**Given material:**
────────────────

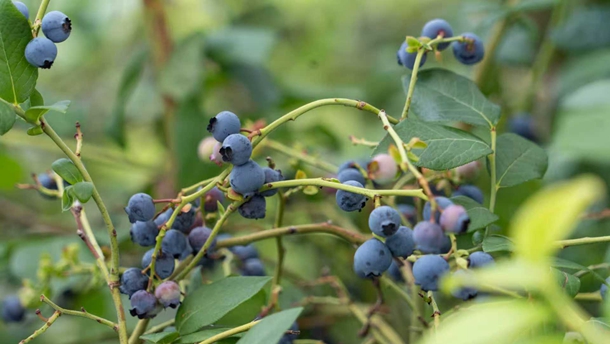 行進中國丨小藍莓繪就“莓”好“藍”圖夏色未央，秋聲漸起，位於伊春市的友好藍莓產業園已是紫果盈枝，甜香漫溢。游客們提籃穿梭於樹叢間，將這份源自小興安嶺的甘甜盡數珍藏。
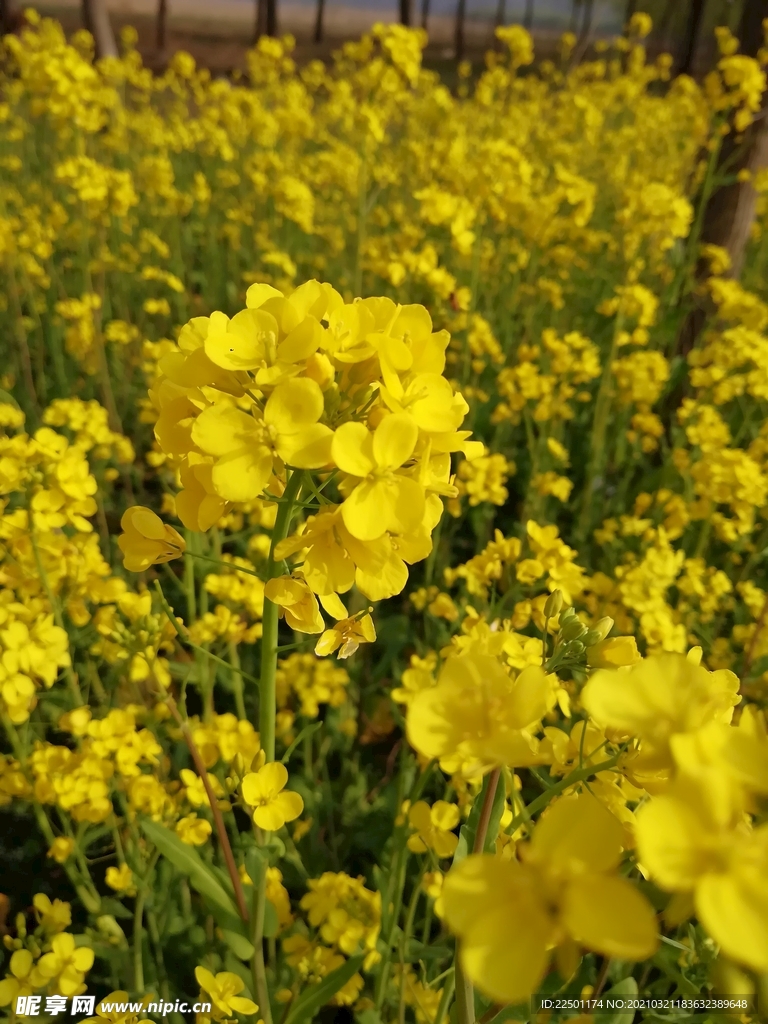 油菜花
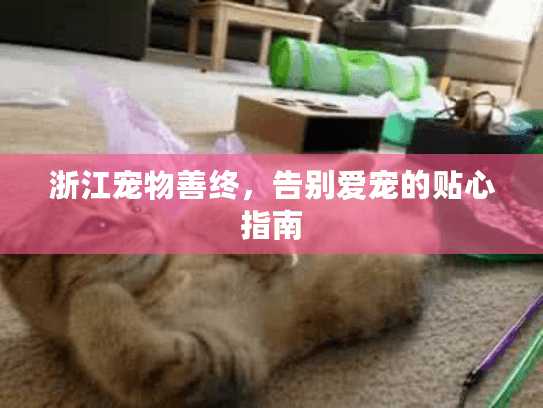 浙江宠物善终，告别爱宠的贴心指南
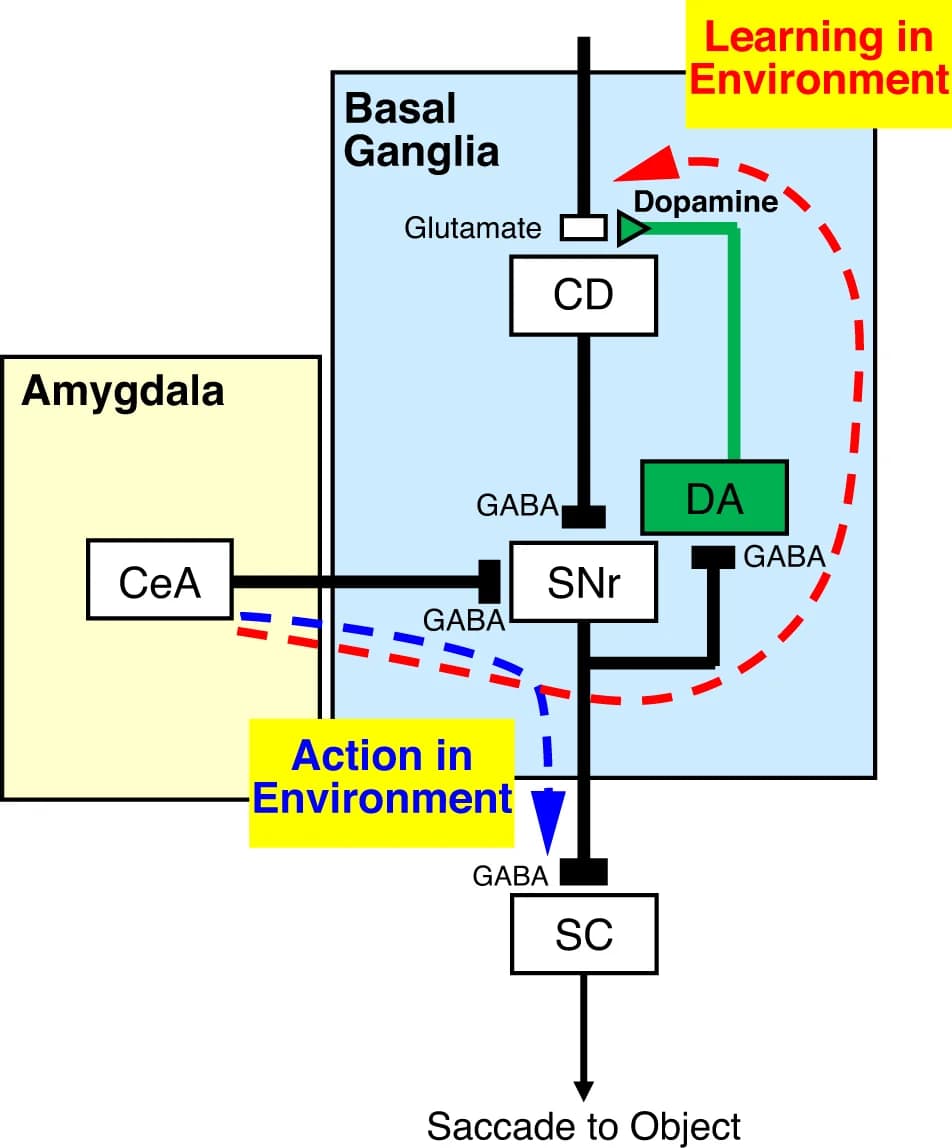 Open access visualization of Workflow, Flowchart, GABAergic terminals, Dopaminergic terminals, Amygdala-BG circuits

────────────────

**Your objective:** Retype only the lines above from the one with "浙江宠物善终，告别爱宠的贴心指南" through the last, both ends included, keeping every picture out of the copy.

**Response area:**
 浙江宠物善终，告别爱宠的贴心指南
 Open access visualization of Workflow, Flowchart, GABAergic terminals, Dopaminergic terminals, Amygdala-BG circuits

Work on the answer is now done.